Why was AGP Video the production company that tapes and streams almost all public meetings in San Luis Obispo County absent from the latest session of the Regional Water Quality Control Board (RWQCB)?

No, that wasn't the setup for a joke. We really don't know.

The easy answer would be that the contract between the public water board and the private broadcasting firm has remained in limbo for several months. Agency staff said at the Dec. 1 meeting that they made an executive decision to cut the service as a cash-saving measure. They cited budgetary shortfalls as the reason.

But that answer didn't satisfy the so-called Los Osos 45, still under the threat of RWQCB cease-and-desist orders for their purportedly nitrate-leaching septic systems.

The prohibition-zone homeowners alleged the failure to pony up to AGP was less of a budgetary matter than an attempt to muddy public transparency. Some on hand for the unstreamed meeting then asked a follow-up question: What happened to longtime agency director Roger Briggs?

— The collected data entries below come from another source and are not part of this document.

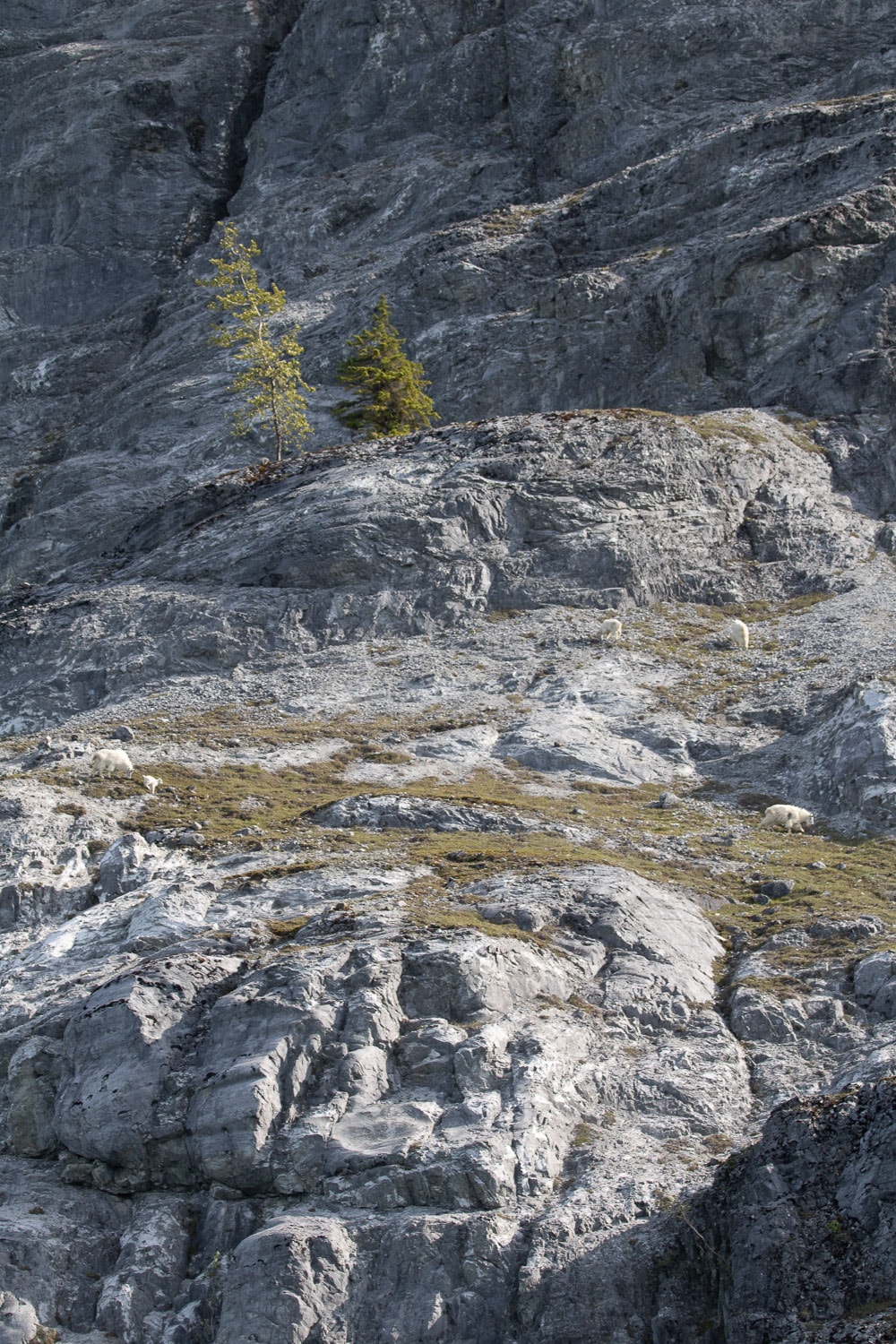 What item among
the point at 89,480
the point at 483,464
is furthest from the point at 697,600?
the point at 89,480

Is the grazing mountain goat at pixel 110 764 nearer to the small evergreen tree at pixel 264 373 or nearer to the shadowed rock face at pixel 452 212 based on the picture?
the shadowed rock face at pixel 452 212

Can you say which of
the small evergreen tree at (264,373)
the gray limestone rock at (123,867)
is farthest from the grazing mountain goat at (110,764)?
the small evergreen tree at (264,373)

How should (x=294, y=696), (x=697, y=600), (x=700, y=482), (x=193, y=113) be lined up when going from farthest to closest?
(x=193, y=113)
(x=700, y=482)
(x=697, y=600)
(x=294, y=696)

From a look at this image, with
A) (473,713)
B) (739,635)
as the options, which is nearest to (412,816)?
(473,713)

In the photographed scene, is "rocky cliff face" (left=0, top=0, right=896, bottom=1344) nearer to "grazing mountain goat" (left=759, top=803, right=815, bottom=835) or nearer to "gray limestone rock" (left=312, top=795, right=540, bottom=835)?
"gray limestone rock" (left=312, top=795, right=540, bottom=835)

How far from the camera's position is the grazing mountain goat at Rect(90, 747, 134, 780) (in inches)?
1138

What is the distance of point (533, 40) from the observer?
85.6m

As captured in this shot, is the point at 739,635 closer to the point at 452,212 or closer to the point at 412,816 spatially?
the point at 412,816

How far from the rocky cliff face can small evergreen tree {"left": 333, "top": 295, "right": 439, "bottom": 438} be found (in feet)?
11.7

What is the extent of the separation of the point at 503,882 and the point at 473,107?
76.6 meters

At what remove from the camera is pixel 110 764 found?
1142 inches

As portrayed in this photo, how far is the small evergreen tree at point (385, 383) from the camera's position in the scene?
184ft

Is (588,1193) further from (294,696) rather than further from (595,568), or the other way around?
(595,568)

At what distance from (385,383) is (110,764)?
31795mm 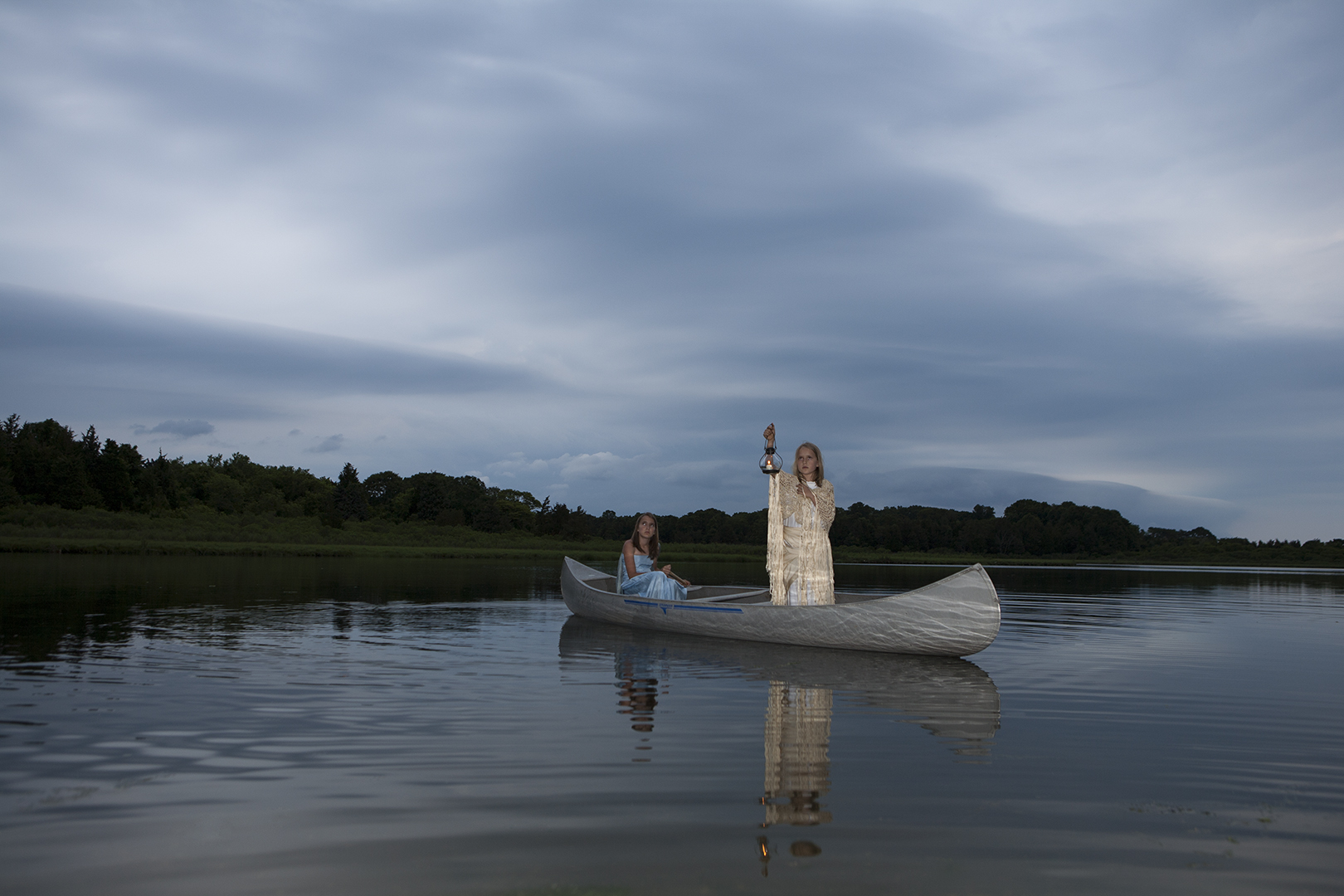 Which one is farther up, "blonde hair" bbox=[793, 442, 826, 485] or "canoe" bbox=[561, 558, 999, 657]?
"blonde hair" bbox=[793, 442, 826, 485]

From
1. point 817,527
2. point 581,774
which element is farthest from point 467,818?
point 817,527

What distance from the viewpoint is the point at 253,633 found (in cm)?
1371

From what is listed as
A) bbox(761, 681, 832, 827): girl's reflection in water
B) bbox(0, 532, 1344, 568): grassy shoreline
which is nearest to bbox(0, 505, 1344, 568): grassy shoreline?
bbox(0, 532, 1344, 568): grassy shoreline

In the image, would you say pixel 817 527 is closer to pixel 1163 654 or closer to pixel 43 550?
pixel 1163 654

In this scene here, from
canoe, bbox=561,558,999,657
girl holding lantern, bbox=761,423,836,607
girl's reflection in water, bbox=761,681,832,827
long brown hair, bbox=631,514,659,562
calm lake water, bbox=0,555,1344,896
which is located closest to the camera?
calm lake water, bbox=0,555,1344,896

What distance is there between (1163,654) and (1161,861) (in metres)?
10.8

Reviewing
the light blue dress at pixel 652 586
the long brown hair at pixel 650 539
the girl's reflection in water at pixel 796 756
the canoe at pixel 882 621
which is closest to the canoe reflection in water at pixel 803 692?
the girl's reflection in water at pixel 796 756

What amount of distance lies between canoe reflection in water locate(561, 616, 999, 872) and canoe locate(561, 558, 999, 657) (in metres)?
0.19

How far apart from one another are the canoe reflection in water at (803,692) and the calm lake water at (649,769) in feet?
0.19

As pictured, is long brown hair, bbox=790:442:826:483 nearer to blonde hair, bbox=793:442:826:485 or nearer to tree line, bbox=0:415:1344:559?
blonde hair, bbox=793:442:826:485

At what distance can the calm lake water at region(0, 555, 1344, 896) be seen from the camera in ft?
13.0

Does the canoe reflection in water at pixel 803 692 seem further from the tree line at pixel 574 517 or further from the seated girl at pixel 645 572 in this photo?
the tree line at pixel 574 517

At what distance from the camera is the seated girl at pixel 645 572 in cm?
1662

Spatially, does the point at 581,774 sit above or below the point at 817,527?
below
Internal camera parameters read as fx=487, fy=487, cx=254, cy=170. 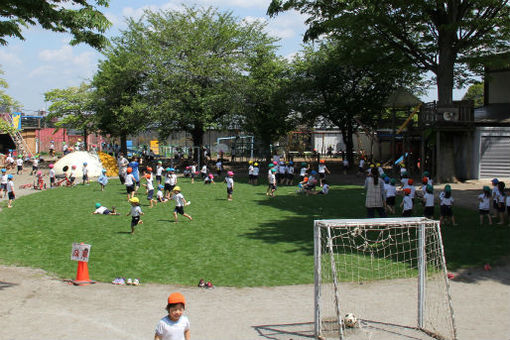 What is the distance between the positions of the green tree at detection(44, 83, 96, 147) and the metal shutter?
3398 centimetres

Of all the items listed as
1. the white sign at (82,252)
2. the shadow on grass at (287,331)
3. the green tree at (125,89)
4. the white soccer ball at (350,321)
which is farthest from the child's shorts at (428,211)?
the green tree at (125,89)

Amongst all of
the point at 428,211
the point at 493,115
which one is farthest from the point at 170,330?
the point at 493,115

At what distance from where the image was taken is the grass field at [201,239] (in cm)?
1240

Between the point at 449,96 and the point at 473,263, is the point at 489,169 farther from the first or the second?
the point at 473,263

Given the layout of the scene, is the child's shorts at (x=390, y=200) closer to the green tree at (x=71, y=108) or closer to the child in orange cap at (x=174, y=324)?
the child in orange cap at (x=174, y=324)

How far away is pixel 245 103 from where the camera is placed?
39.8 meters

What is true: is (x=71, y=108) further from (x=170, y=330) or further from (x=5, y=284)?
(x=170, y=330)

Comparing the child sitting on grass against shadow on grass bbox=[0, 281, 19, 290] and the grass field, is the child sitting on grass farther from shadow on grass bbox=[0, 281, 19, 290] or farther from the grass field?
shadow on grass bbox=[0, 281, 19, 290]

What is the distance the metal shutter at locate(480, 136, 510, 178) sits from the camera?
29.0 meters

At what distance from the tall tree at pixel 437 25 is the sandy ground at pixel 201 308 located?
680 inches

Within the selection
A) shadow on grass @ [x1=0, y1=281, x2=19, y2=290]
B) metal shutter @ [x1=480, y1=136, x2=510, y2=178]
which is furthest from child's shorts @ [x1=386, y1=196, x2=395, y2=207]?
metal shutter @ [x1=480, y1=136, x2=510, y2=178]

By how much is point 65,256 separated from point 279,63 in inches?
1251

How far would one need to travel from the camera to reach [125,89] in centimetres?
4206

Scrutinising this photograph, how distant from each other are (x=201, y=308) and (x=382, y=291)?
13.4 ft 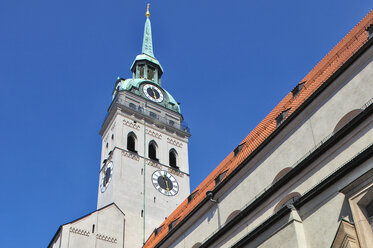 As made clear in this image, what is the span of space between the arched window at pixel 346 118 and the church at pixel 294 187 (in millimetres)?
30

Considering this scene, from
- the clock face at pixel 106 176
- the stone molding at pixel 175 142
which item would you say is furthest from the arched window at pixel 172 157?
the clock face at pixel 106 176

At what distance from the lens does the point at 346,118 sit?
14.9m

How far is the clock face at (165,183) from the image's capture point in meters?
35.9

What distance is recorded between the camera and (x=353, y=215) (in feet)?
37.8

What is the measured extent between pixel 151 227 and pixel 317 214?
71.6 ft

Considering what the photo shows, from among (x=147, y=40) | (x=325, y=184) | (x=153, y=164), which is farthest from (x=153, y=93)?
(x=325, y=184)

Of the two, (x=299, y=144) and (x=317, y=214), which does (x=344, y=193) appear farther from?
(x=299, y=144)

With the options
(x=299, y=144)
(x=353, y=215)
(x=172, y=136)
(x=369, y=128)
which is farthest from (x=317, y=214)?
(x=172, y=136)

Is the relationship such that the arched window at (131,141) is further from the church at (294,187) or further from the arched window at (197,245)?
the arched window at (197,245)

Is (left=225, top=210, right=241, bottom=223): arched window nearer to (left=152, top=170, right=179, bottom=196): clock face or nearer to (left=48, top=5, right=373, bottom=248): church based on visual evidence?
(left=48, top=5, right=373, bottom=248): church

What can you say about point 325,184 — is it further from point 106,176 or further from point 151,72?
point 151,72

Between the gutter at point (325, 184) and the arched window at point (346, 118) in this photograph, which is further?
the arched window at point (346, 118)

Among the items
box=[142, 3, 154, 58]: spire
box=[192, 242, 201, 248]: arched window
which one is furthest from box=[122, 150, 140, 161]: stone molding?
box=[142, 3, 154, 58]: spire

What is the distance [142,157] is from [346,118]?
23.5 m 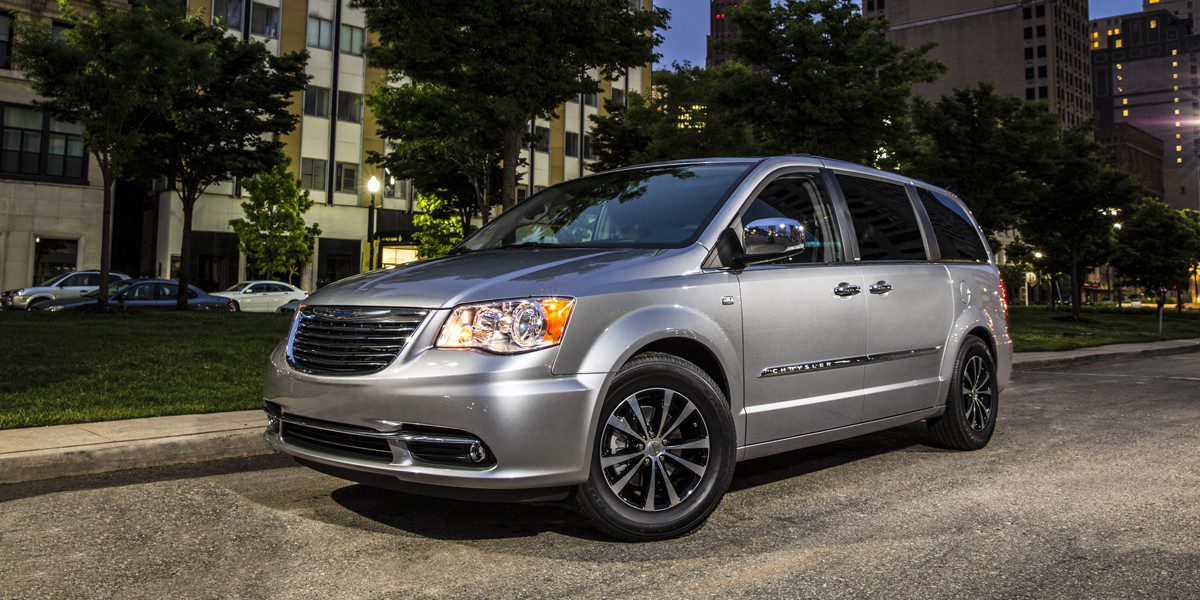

Briggs' employment with the water board predates the Los Osos sewer saga. His most recent year on the job and as director has been mired in contention due to two controversial policy decisions: the drafting of the cease-and-desist orders against the 45 low-income Los Osos homeowners and the issuance of bulky fines against the now-bankrupt community services district.

The transition, which occurred sometime in November, went unannounced. Officially, Briggs is currently on a six-month leave and is reportedly spending it abroad.

Briggs was unavailable for comment. Water board official Michael Thomas appointed to hold the agency reins following Briggs' departure did not return phone calls as of press time.

AGP Video co-directors Nancy Castle and Steve Matheiu said the Dec. 1 session of the water board was the first meeting in San Luis Obispo proper not broadcast since 1999. However, they disagreed with locals' concerns that agency staff might have severed the ties to keep eyes off the upcoming cease-and-desist hearings, set to commence on Dec. 14 in San Luis Obispo.

"It's been a long-running quasi battle with the water board, and it has to do with funding. They're strapped," Mathieu commented. "They really are kind of a stepchild board."

Many of the Los Osos 45, now with legal counsel, called for the RWQCB to reinstate webcast services in time for the proceedings on Dec. 14. When budgetary concerns torpedoed that appeal, several community members started a fund to subsidize shooting of the two-day event.

As of publication, CSD attorney Julie Biggs and the law firm Burke, Williams, and Sorensen had each pledged $500. According to AGP, water board staff also promised to secure a contribution. The broadcast outfit itself plans to make its own sacrifices on a meeting-by-meeting basis.

"We'll be there," AGP's Castle said of the mid-month hearings.